Split systems are the standard for single-family homes and small commercial buildings. They’ve been around forever, every HVAC contractor knows how to install and service them, and parts are widely available.

Mini-Split and Multi-Split Systems

Mini-split systems work on the same principle as traditional split systems (refrigerant piped between an outdoor and indoor unit), but they ditch the ductwork entirely. One outdoor unit connects to one indoor unit through a small refrigerant line. That’s it. No ducts, no complex piping networks.

Multi-split systems expand on this by connecting one outdoor unit to several indoor units (typically two to five). Each indoor unit can be controlled independently, giving you zone-by-zone temperature control without any ductwork.

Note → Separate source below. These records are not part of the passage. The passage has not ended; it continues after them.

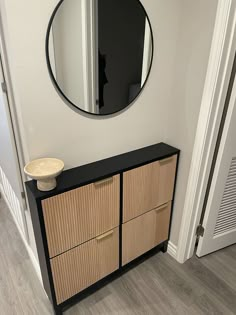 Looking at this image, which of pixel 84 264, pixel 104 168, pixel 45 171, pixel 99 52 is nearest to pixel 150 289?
pixel 84 264

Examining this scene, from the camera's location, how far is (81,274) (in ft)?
4.90

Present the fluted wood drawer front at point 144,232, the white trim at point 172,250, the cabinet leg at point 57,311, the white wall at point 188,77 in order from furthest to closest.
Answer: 1. the white trim at point 172,250
2. the fluted wood drawer front at point 144,232
3. the cabinet leg at point 57,311
4. the white wall at point 188,77

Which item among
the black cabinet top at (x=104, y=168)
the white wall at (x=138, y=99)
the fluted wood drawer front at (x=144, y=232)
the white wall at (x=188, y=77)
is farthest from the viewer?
the fluted wood drawer front at (x=144, y=232)

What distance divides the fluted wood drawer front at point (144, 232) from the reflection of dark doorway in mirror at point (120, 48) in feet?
2.58

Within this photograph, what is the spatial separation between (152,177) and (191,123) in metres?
0.43

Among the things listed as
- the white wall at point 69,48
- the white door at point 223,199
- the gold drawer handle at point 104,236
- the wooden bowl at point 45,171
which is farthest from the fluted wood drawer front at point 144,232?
the white wall at point 69,48

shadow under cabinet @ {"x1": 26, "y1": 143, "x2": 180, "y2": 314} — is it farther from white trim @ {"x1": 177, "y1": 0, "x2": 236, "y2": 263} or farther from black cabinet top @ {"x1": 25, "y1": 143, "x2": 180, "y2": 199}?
white trim @ {"x1": 177, "y1": 0, "x2": 236, "y2": 263}

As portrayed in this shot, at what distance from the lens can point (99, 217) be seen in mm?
1420

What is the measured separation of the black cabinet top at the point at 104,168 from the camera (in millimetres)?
1225

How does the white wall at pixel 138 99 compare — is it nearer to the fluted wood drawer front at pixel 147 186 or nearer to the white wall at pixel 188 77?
the white wall at pixel 188 77

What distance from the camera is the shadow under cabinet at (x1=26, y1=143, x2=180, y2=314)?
125cm

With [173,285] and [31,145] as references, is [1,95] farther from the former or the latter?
[173,285]

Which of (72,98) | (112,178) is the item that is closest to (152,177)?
(112,178)

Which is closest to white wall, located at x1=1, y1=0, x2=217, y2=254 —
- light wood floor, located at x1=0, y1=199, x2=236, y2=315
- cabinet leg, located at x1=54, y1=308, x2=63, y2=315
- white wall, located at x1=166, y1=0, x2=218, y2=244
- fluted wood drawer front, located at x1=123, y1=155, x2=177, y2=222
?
white wall, located at x1=166, y1=0, x2=218, y2=244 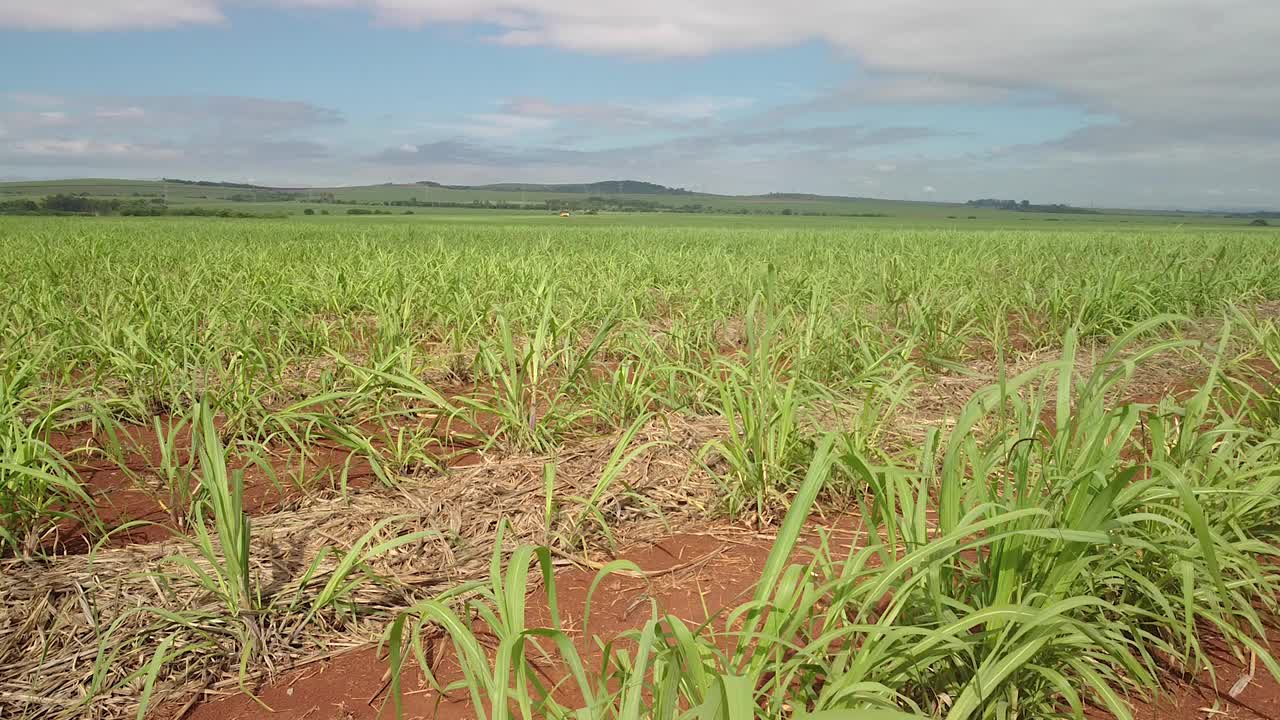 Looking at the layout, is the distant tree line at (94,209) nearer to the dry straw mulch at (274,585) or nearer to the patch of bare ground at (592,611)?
the dry straw mulch at (274,585)

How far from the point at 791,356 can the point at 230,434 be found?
7.68 feet

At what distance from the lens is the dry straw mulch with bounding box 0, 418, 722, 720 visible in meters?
1.57

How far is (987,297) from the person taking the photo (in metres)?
4.50

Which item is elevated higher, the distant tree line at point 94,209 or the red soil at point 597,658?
the distant tree line at point 94,209

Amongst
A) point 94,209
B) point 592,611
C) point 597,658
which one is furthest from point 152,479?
point 94,209

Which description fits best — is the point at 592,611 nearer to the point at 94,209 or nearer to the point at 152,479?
the point at 152,479

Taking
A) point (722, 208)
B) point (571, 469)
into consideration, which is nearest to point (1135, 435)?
point (571, 469)

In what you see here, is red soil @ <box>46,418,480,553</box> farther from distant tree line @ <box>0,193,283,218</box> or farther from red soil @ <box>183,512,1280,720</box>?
distant tree line @ <box>0,193,283,218</box>

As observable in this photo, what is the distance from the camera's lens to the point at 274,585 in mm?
1829

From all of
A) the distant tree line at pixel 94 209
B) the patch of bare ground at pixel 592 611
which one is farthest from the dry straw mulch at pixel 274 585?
the distant tree line at pixel 94 209

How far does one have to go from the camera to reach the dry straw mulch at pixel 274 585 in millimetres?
1569

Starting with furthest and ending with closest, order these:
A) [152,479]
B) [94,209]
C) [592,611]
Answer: [94,209], [152,479], [592,611]

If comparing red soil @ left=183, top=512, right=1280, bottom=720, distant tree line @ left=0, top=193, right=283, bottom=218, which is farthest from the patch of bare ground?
distant tree line @ left=0, top=193, right=283, bottom=218

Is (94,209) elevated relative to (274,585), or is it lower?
elevated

Mini-splits and multi-splits are the go-to solution for residential additions, small commercial spaces, server rooms, retrofits, and supplemental cooling in spaces where extending the existing HVAC system isn’t practical. They’re affordable, efficient, and relatively easy to install.

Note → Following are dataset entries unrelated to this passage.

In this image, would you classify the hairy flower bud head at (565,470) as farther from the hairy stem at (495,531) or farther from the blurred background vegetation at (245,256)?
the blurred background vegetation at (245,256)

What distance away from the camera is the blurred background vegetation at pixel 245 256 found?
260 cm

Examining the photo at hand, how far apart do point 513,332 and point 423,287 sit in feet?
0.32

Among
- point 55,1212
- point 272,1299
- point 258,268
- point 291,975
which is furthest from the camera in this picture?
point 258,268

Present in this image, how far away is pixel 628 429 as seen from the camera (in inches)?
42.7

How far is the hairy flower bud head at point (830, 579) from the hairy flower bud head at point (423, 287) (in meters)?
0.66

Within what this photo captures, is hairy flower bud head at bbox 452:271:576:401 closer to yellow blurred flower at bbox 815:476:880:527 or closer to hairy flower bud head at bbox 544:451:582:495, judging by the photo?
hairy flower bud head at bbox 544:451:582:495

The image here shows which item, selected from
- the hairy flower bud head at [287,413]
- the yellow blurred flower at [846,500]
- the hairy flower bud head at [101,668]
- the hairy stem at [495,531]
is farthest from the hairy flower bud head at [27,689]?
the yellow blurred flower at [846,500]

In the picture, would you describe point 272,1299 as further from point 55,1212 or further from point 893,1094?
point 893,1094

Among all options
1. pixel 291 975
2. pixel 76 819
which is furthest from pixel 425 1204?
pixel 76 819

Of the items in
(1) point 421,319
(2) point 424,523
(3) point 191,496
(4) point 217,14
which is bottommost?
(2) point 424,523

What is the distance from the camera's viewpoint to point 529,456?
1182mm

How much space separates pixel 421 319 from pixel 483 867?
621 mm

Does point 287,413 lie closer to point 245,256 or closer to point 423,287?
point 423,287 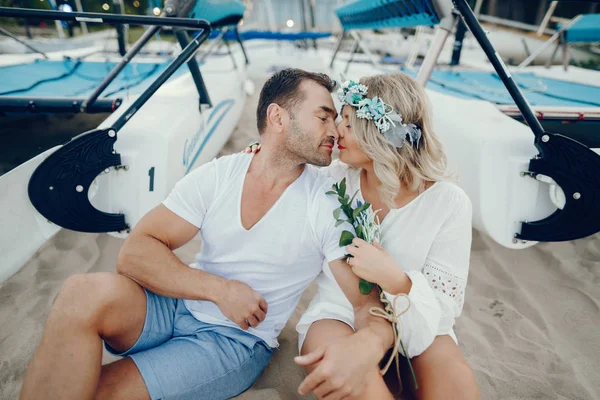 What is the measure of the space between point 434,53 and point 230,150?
234cm

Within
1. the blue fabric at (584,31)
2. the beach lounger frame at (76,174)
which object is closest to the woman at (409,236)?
the beach lounger frame at (76,174)

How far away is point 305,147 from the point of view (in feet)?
5.53

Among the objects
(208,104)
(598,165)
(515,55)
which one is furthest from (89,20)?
(515,55)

The difference between a mini-split and a VRF system is mostly scale. Mini-splits and multi-splits serve a handful of zones. VRF serves an entire building. The underlying technology (refrigerant piped to indoor units) is fundamentally the same.

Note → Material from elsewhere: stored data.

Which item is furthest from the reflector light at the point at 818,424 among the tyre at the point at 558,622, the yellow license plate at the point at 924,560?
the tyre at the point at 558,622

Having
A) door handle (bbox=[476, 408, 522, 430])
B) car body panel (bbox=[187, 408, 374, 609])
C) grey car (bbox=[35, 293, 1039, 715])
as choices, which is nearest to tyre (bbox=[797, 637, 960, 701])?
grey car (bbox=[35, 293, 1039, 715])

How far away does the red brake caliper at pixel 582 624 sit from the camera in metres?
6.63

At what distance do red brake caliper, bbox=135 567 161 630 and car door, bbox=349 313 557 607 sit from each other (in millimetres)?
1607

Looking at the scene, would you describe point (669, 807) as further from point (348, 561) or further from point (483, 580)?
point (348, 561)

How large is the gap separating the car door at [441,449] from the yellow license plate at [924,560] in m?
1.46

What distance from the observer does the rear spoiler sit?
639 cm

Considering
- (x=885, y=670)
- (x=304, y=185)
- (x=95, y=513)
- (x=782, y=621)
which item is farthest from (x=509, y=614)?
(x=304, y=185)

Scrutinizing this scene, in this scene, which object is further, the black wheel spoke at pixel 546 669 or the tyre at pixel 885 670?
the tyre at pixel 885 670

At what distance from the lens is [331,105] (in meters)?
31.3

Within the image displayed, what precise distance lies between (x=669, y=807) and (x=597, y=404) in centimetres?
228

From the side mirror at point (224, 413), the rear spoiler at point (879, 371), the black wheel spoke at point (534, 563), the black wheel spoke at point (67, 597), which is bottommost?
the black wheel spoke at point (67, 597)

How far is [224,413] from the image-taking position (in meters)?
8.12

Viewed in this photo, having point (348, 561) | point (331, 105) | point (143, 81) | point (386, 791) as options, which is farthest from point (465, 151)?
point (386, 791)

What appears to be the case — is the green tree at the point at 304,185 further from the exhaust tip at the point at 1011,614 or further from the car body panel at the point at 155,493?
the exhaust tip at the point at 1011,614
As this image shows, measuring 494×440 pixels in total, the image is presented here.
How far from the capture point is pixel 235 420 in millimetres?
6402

Ground-Source Heat Pumps (Geothermal)

Ground-source heat pumps are technically a hybrid: they use a refrigerant cycle inside the building, but they rely on a hydronic (water) loop outside the building to exchange heat with the earth. That’s what makes them so efficient. Instead of exchanging heat with the outdoor air (like a conventional heat pump), the ground loop circulates water mixed with antifreeze through buried piping to take advantage of the earth’s stable underground temperature, typically around 50-60°F depending on your location.

In winter, the ground is warmer than the air, so the system extracts heat from the ground and delivers it to the building. In summer, the ground is cooler than the air, so the system dumps heat into the ground. The ground temperature is so stable compared to outdoor air that the system runs far more efficiently than an air-source heat pump in extreme weather.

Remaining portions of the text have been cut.